(Short descriptive text snippets)
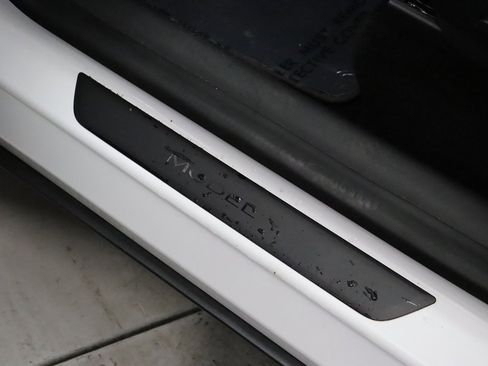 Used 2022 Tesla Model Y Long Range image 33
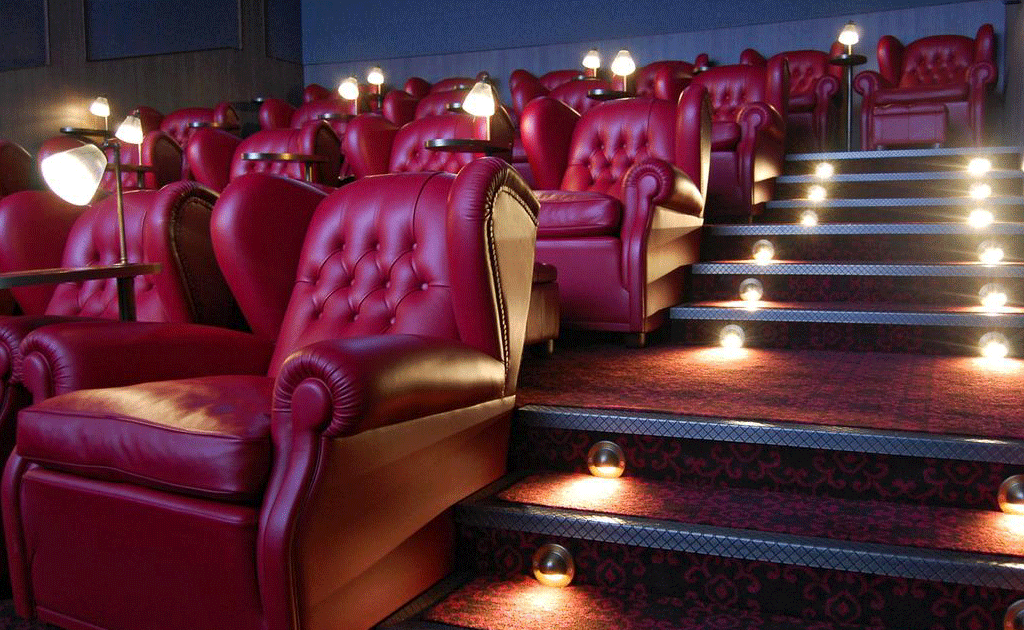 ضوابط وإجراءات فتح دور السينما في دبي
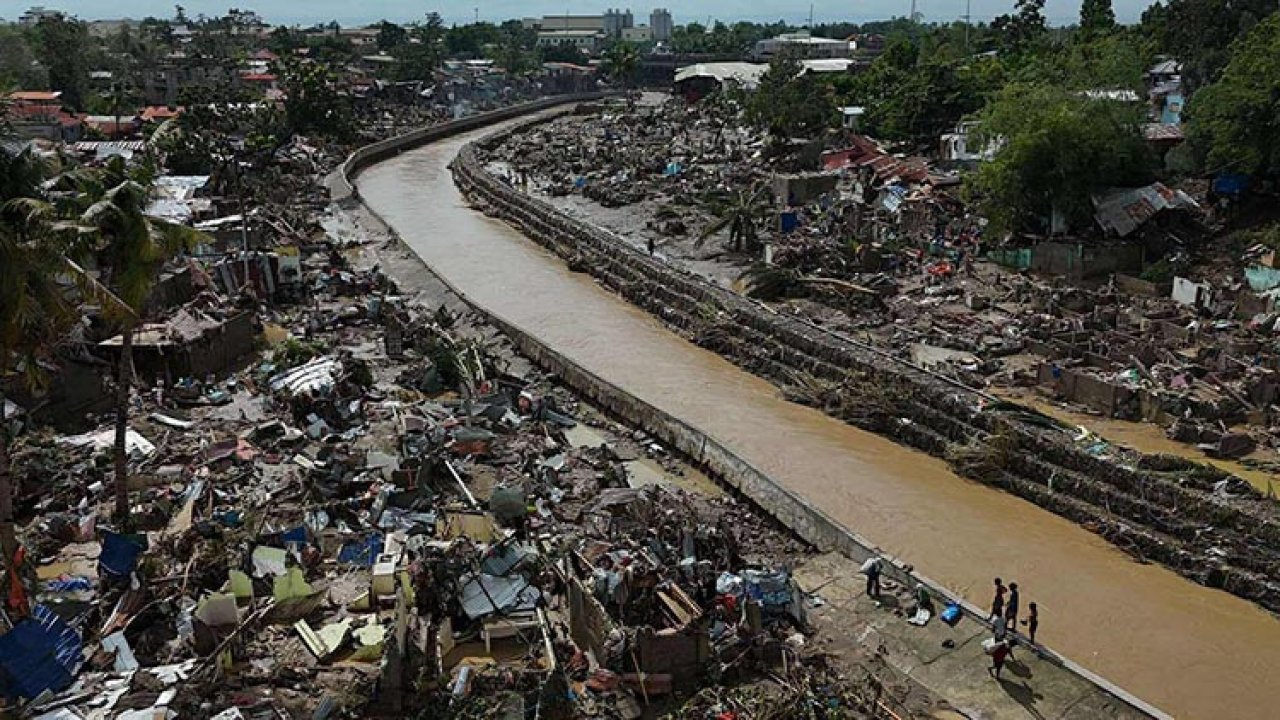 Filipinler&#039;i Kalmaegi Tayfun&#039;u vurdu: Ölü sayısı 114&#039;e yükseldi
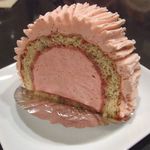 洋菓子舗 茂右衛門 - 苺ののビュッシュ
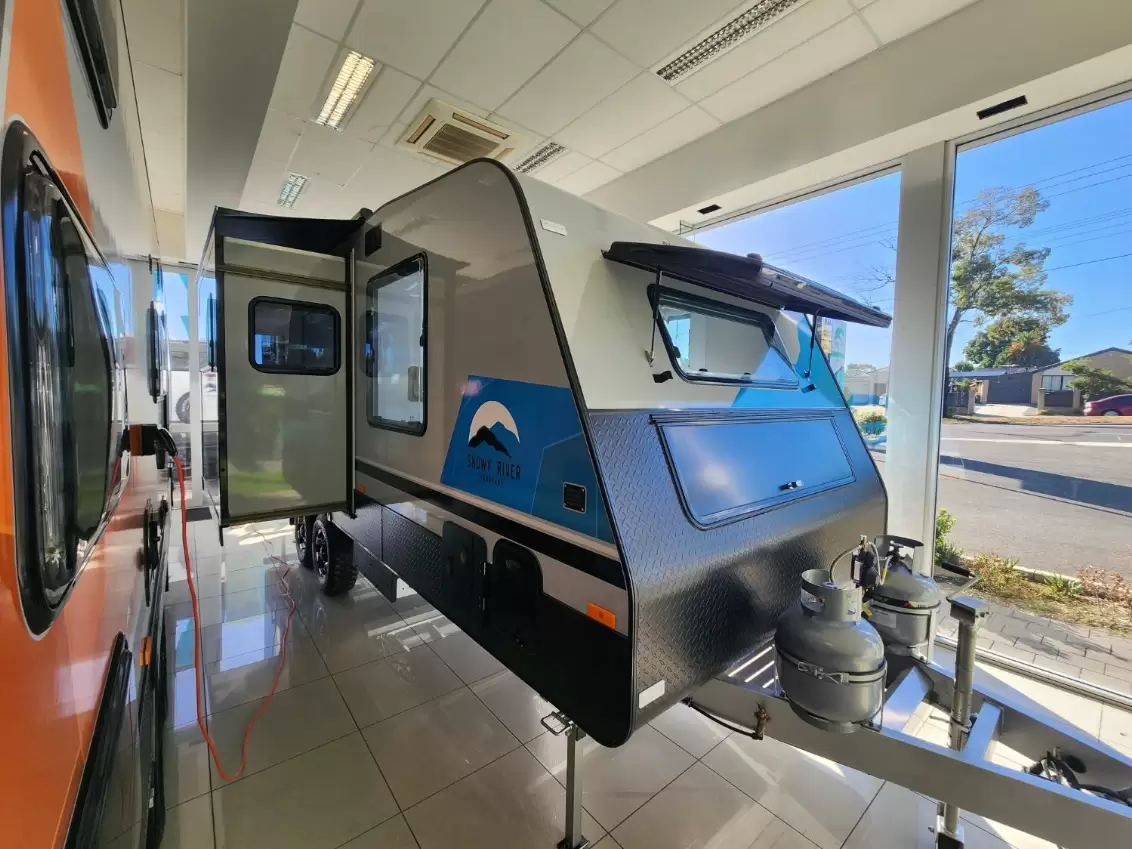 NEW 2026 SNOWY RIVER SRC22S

_EXERCISE DIRECTIONS_: What is needed is an exact reprint of every entry, pictures excluded.

_EXPECTED OUTPUT_:
 Used 2022 Tesla Model Y Long Range image 33
 ضوابط وإجراءات فتح دور السينما في دبي
 Filipinler&#039;i Kalmaegi Tayfun&#039;u vurdu: Ölü sayısı 114&#039;e yükseldi
 洋菓子舗 茂右衛門 - 苺ののビュッシュ
 NEW 2026 SNOWY RIVER SRC22S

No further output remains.